De cultuur van de werkloosheid
Een proefschrift over het ontstaan van een onderklasse in Nederland
Publieke bijstandsgeheimen Het ontstaan van een onderklasse in Nederland door Godfried Engbersen Uitgever Stenfert Kroese, 282 p., f 32,50
Ad van Iterson
Als Marx nu leefde, zou hij zich enorm ergeren aan grote groepen langdurig werklozen. In zijn ideale, klasseloze samenleving gingen de mensen 's morgens uit vissen en 's middags uit jagen, of andersom, maar niet de hele dag uit wandelen of in het café zitten. Marx geloofde in arbeiders, maar méér nog in arbeid. Daarin geloofde toen iedereen van de burgerij. De enige uitzondering was - eeuwige ironie - Marx' schoonzoon, Paul Lafargue, die een apologie van het nietsdoen schreef: Het recht op luiheid.
Ik geloof niet dat er veel militante luiaards onder de hedendaagse langdurig werklozen voorkomen. In Publieke bijstandsgeheimen, het proefschrift van de Leidse socioloog Godfried Engbersen, kom ik ze ook niet tegen. Engbersen onderscheidt zes typen langdurig werklozen, maar daar is er niet één bij dat zich kenmerkt door een beroep op het recht op luiheid.
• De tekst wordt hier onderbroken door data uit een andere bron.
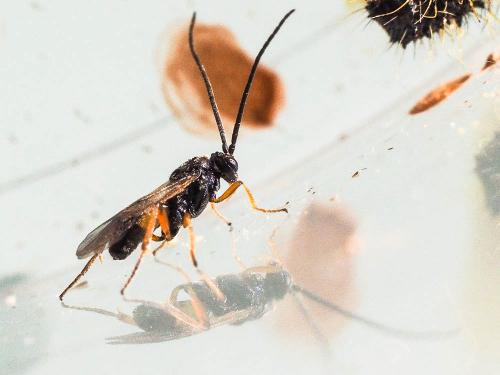 Réf. 175 315 : Cotesia glomerata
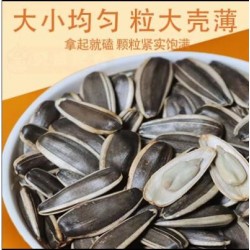 批发五件起发 咿呀瓜子五香焦糖奶香藤椒原味葵花籽独立小包装坚果炒货零食图9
De borrelpraatslagzin ‘liever lui dan moe’ gaat dus niet op.
Welke typen heb je dan wel? Allereerst zijn daar de conformisten. Dat zijn de ‘ideale’ langdurig werklozen: ze hopen nog altijd op een officiële baan; ze solliciteren stug door en bezoeken geregeld het arbeidsbureau; ze maken geen misbruik van de sociale voorzieningen. Hetzelfde geldt voor de ritualisten - alleen hebben zij de hoop opgegeven: zij solliciteren nog slechts omdat het zo hoort. De retraitisten doen zelfs dat laatste niet meer: zij wensen de schijn niet meer op te houden; zij hebben zich volledig uit de werkende samenleving teruggetrokken en berusten daarin. Een heel ander type is dat van de ondernemenden: zij zoeken ‘met behoud van uitkering’ informele en illegale wegen om aan arbeid en geld te komen. De calculerenden zijn niet op zoek naar legaal of illegaal werk, zij vinden een uitkering voor het moment gemakkelijker. Het zijn vaak studerenden voor wie een uitkering meer armslag biedt dan een studiebeurs. De autonomen tenslotte komen nog het dichtst in de buurt van Marx' schoonzoon. Zij relativeren in hoge mate het hebben van werk en geld. Zij zijn niet actief binnen de informele economie; zij willen en kunnen leven van een uitkering. Zij willen doen waar ze zelf zin in hebben (verenigingswerk, studie of hobby, zijn de voorbeelden die Engbersen geeft) en daarom kun je niet zeggen dat nietsdoen voor hen een ideologie is.